Zambia and Zimbabwe both rely on lake Kariba – the world’s biggest dam – for the bulk of their hydro-electric supply. The record-low water level in the Kariba reservoir for electricity generation at Kariba North Bank Power Station has forced the two countries into a load-shedding mode. The two countries, together with South Africa which is also been experiencing rolling power cuts since 2007, supply Namibia with electricity.
Despite this, Iyambo has reportedly ruled out the possibility of Namibia facing load-shedding due to supply constraints in the three SADC countries, which all export power to the country.
Last Friday Zambia’s minister of energy Peter Chibwe Kapala justified export of power to neighboring countries, adding that president Hakainde Hichilema’s New Dawn Government has taken steps to reduce the exports of electricity to other countries by 100MW in order to mitigate the impact of load-shedding on citizens.
“We understand the difficulties that load shedding poses to our citizens and we are taking steps to ensure that we balance our power exports with the needs of our citizens,” minister Kapala said. “Copper remains the highest export earner for Zambia, but there are limited dollars being remitted back into the country due to the nature of mine ownerships and copper trading. However, export earnings from electricity can have a better impact on the economy, including the strengthening of the Kwacha.
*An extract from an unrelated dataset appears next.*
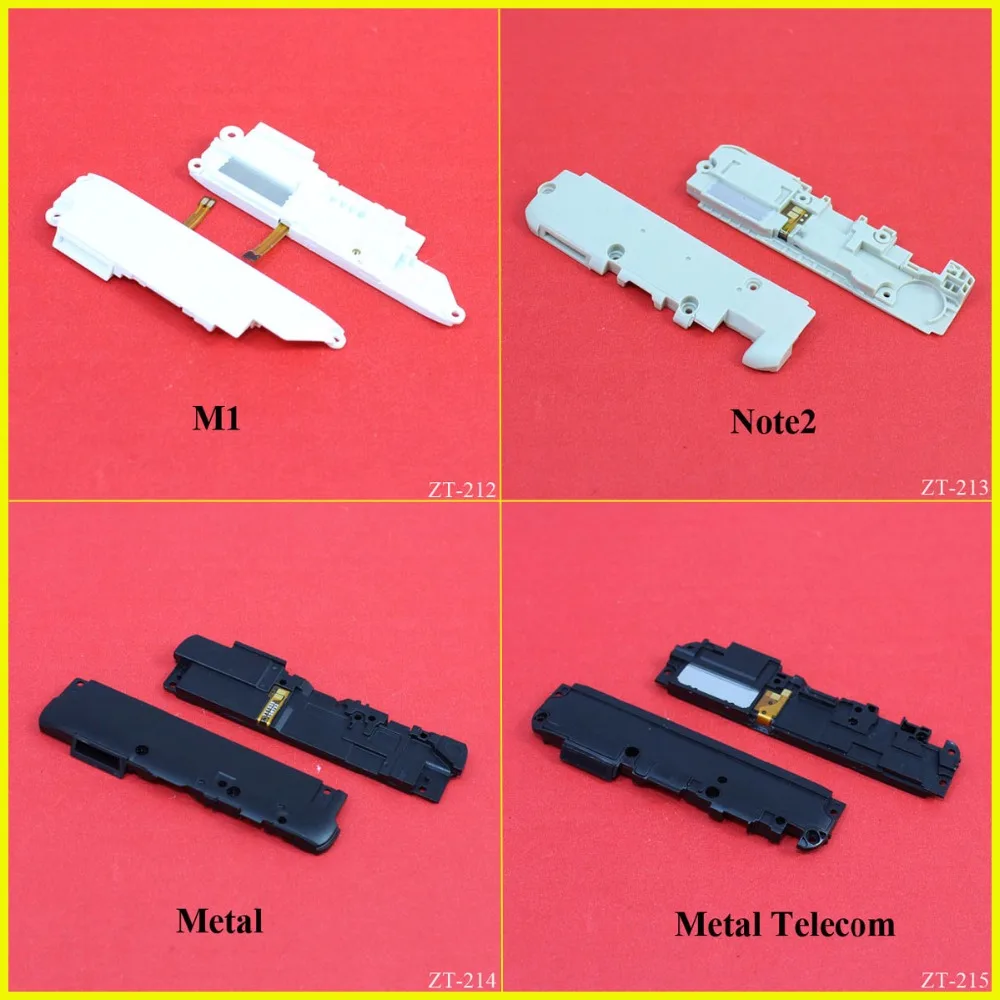 1Piece for Meizu Meilan M1 Note2 Metal Telecom Loud Speaker Loudspeaker Buzzer Ringer Flex Cable Replacement Parts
This is because ZESCO is wholly-owned by the people of Zambia and the company’s foreign earnings will flow back into the country.”
Namibia imports 180 megawatts (MW) from Zambia after NamPower secured an additional 80MW from the Zambia Electricity Supply Corporation (ZESCO) last April, under a 10-year power supply agreement reported to be worth N$8.5 billion (US$500 million). The reported N$850 million-a-year deal, aims to reduce the country’s dependency on South Africa’s Eskom, which is experiencing acute challenges resulting in Africa’s most developed economy enduring.
Namibia imports a total of 460MW from regional power utilities to meet its daily energy demands of 500MW, and NamPower recently reduced its firm offtake from Eskom by half to only 100MW, with a further non-firm arrangement for 300MW. In addition, the company is also undertaking five power-generation projects and 11 transmission projects aimed at reducing its reliance on imported electricity, the majority of which will be funded through the power utility’s substantial cash and liquid assets.
With Namibia’s domestic electricity supply failing to keep pace with rising demand, and the country generating less than half of the energy it consumes, is load-shedding a near reality for Namibia?
NamPower boss said the State-owned company and the Southern Africa Power Pool (SAPP) will work together to ensure that Namibia will not face load-shedding in the near future, while also working on power-generation projects to reduce the country’s reliance on imported electricity.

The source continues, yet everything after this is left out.